He perdido la memoria. 3 de abril de 2017
La memoria del justo es una bendición (Proverbios 10,7)
Hay días en que lo mejor es no salir de casa. Así de sencillo. Agarrar una buena novela y dejar que pasen las horas tranquilamente…, que mañana será otro día.
O dicho de una manera más llana y ajustándose a la meteorología del alma: “Sopla un viento agudo de costado; es hora de proteger los corazones”.
Lo engorroso del caso es que solo se sabe y reconoce a posteriori.
Este preámbulo viene a cuento porque he vivido una experiencia de frustración y silencio.
Paseaba, como tantos días, camino de mis quehaceres.
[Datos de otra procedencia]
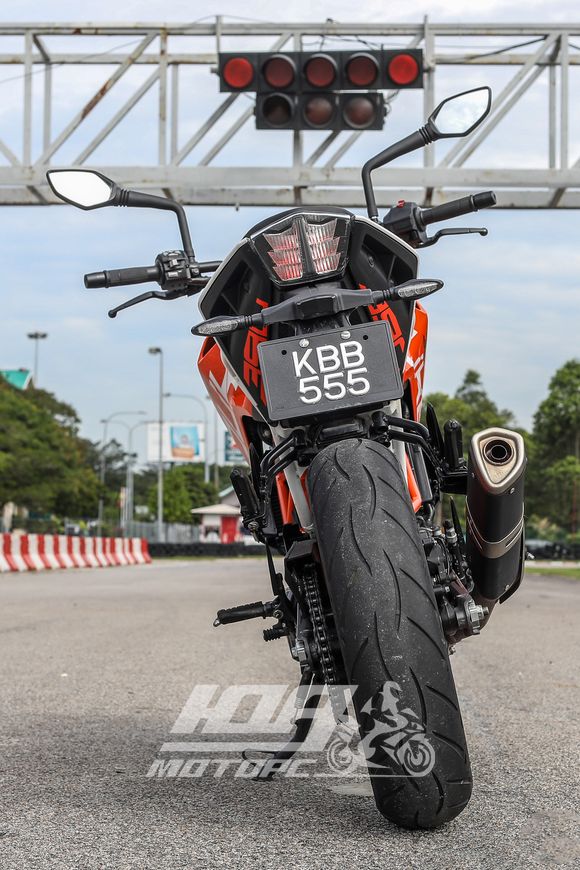 Мотоцикл KTM DUKE 390, Чорний з біло-жовтогарячий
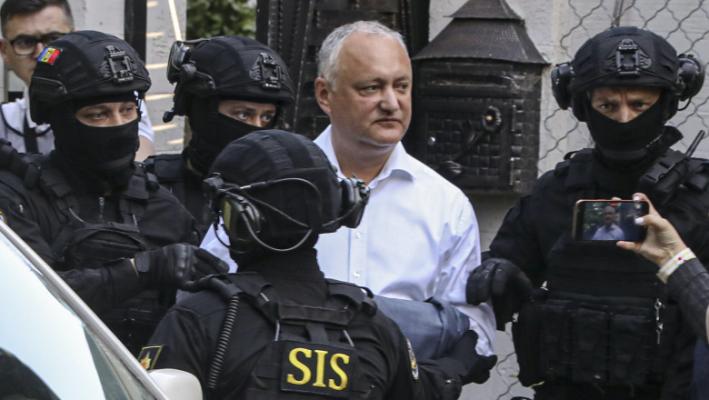 Fostul preşedinte al Republicii Moldova, Igor Dodon, eliberat din arestul la domiciliu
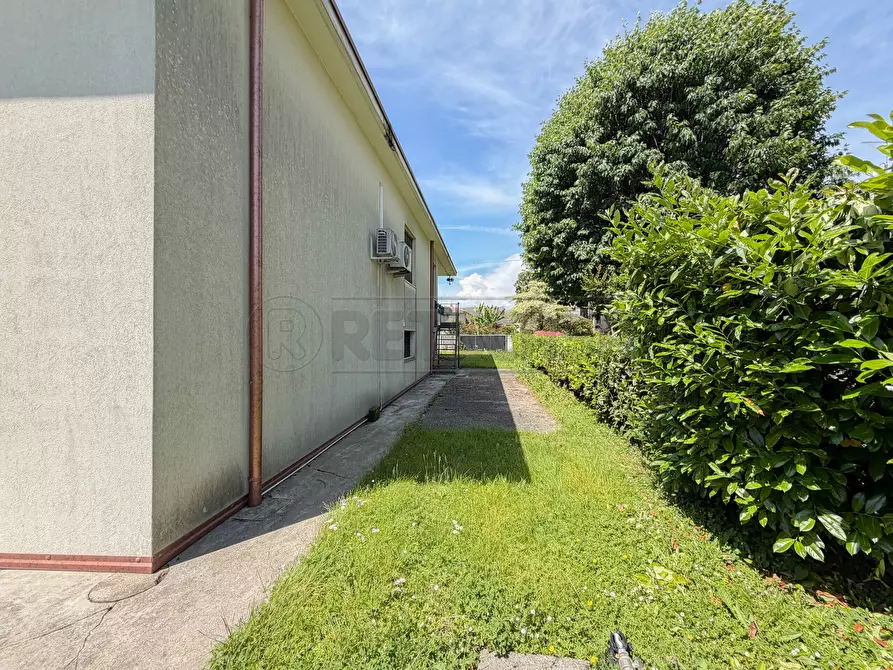Immagine 9 di Villetta a schiera in vendita  in Via Carducci a Monticello Conte Otto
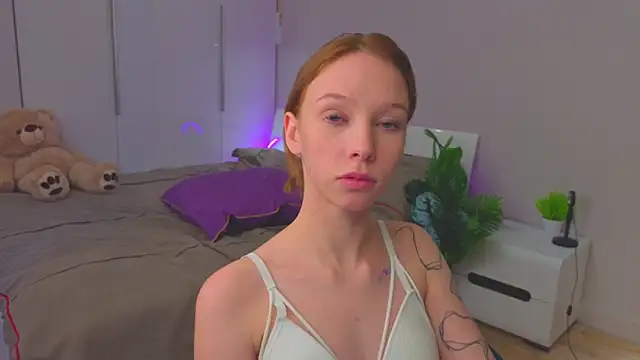 LilyPoetry  online show from November 2025 03:44:02 PM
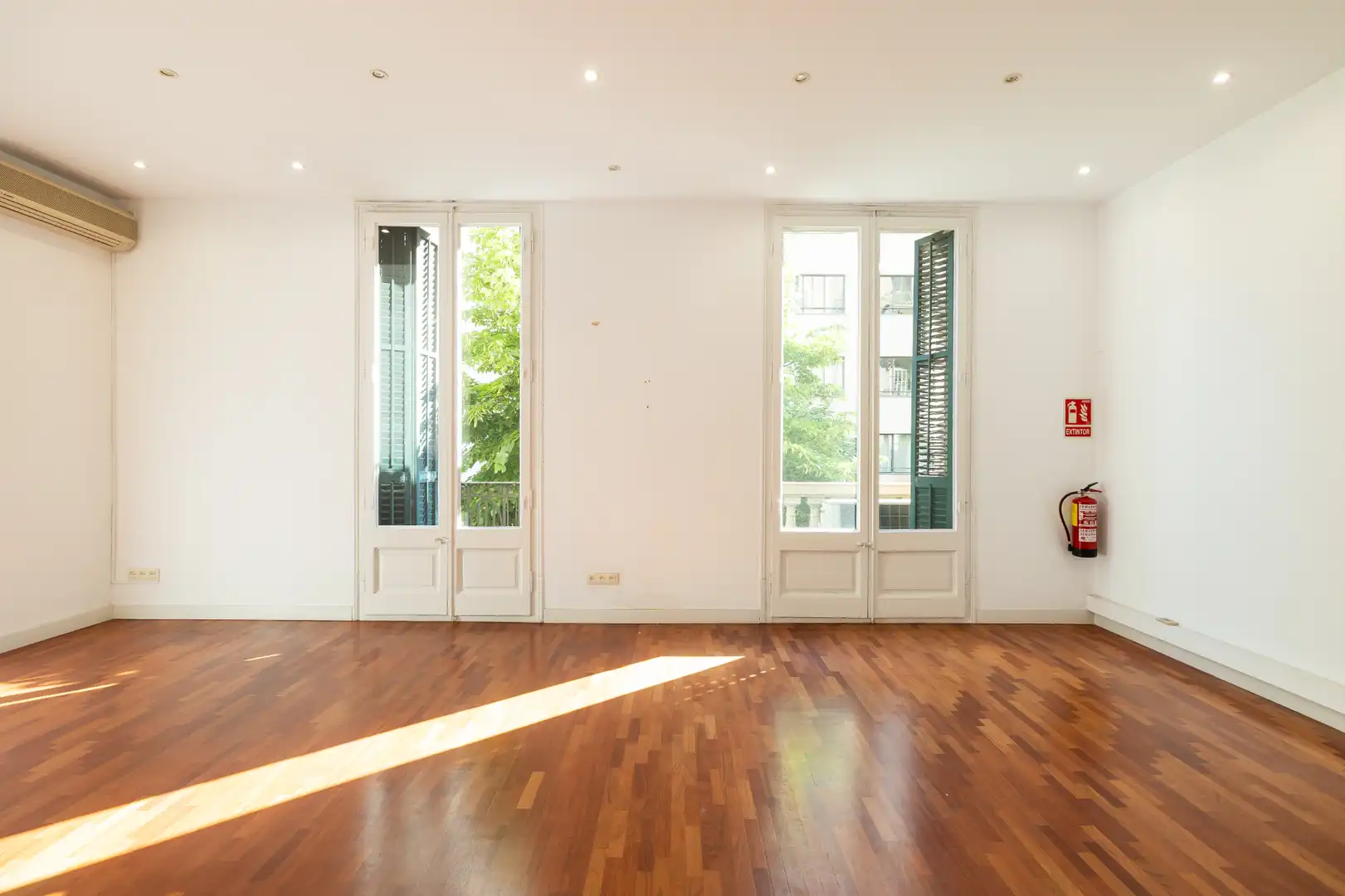 Wohnung zum Verkauf in Barcelona mit Klimaanlage, Heizung und Parkett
Iba por lugares tan conocidos que me permitían pensar, acurrucarme en mi interior, buscando los motivos de mi melancolía y de mi desgana motivada, acaso, por la reacción a la llegada de la primavera o del mes de abril al que ayer había saludado poéticamente con Juan Ramón y Machado.
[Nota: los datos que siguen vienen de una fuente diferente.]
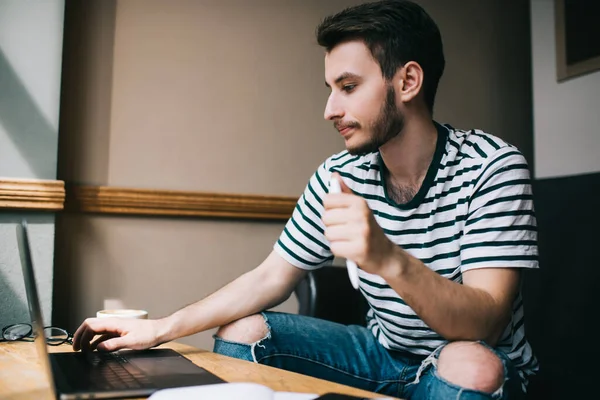 Focado Millennial Cara Shirt Listrada Jeans Joelho Quebrado Sentado Casa — Fotografia de Stock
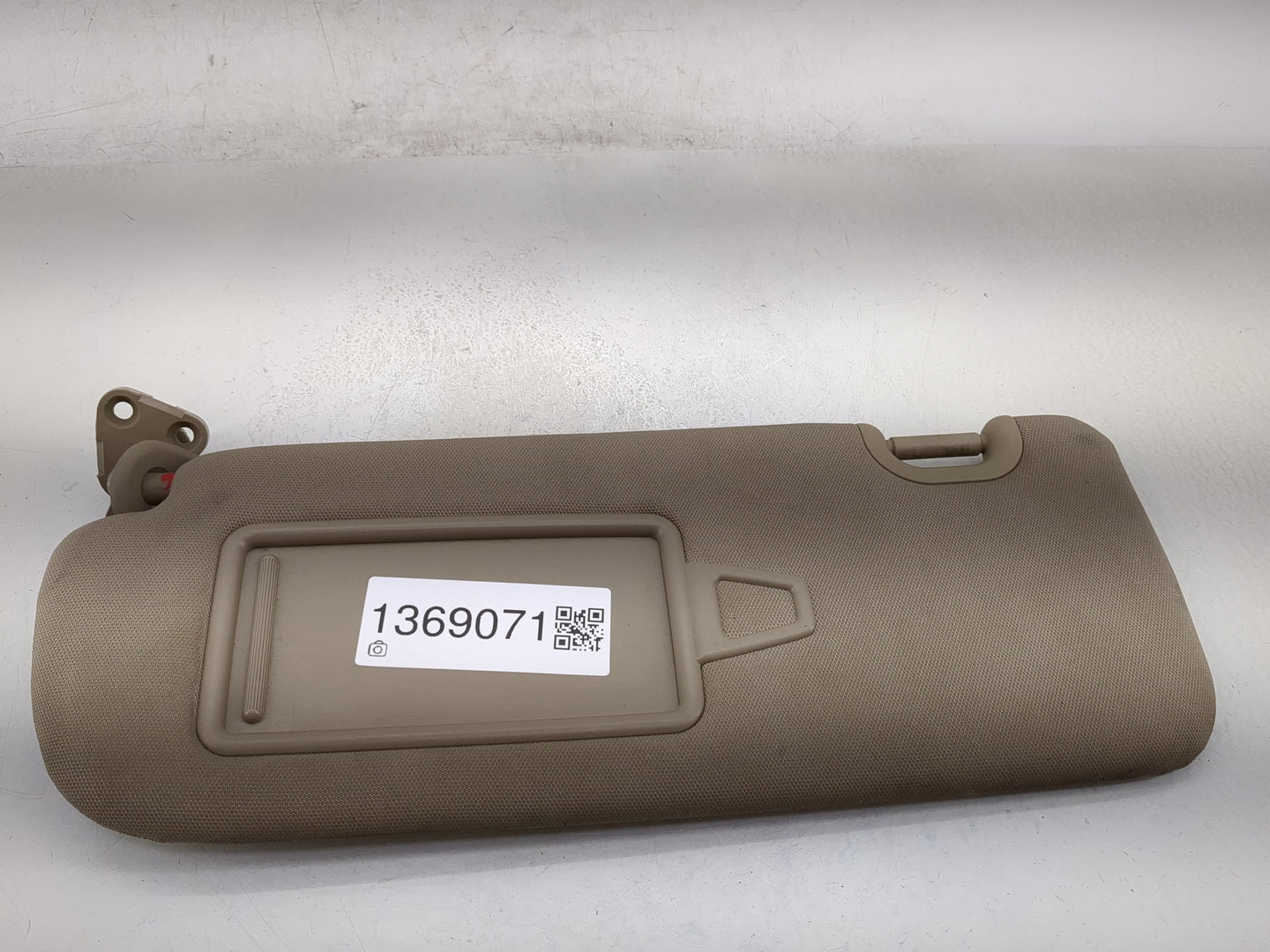 2013-2019 Hyundai Santa Fe Sun Visor Shade Replacement Driver Left Mirror Fits Fits 2013 2014 2015 2016 2017 2018 2019 OEM U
Hacía algo de calor… Quité la casaca y, casi al mismo tiempo, cogí en la mano el móvil para leer el último wasap.
Todo estaba en orden.
Tres minutos más tarde, me he sentado en casa dispuesto a trabajar. En unos segundos, constato que mi telefonillo se ha ausentado. No aparece por ningún lado. Lo busco con angustia. Rehago el camino por dos veces; pregunto en tiendas y bares…,
y el silencio es la respuesta.
Pido a los amigos que me llamen, pero se constata un silencio delator de ausencias.
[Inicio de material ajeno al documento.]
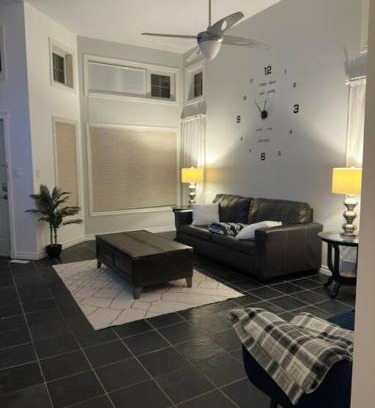 London Villa | Luxury Spacious 5-Bedroom Home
Perdido, o me lo han afanado o, para ser más sencillo y exacto, me lo han robado.
Todo en un espacio de apenas setenta y dos metros. ¡El espacio necesario!
Y ahí viene el disgusto, el pesar: ¿Qué hago?…
Por supuesto darle inmediatamente de baja en la compañía. Parece que estas instituciones son expertas y premiosas en este oficio.
Una nueva llamada pocos minutos más tarde… y el sonido achacoso de estar fuera de cobertura o retirado de la circulación.
Pero ahora empieza lo interesante de la cuestión.
Más que “robado”, me siento “desnudo”: sin datos, sin memoria, sin recuerdos…
No sé nada de todo lo que tenía almacenado.
Me he quedado como un niño, en blanco.
Hasta los amigos han huido de mí. Ya nada me une a ellos. No les puedo llamar ni recibir sus llamadas.
Vivo en un desierto cuyo peso constato en mi bolsillo izquierdo.
¿Cuántos años hace que no me sentía así?
Sin duda, desde que tuve el primer celular. Y ya ha llovido por esta tierra.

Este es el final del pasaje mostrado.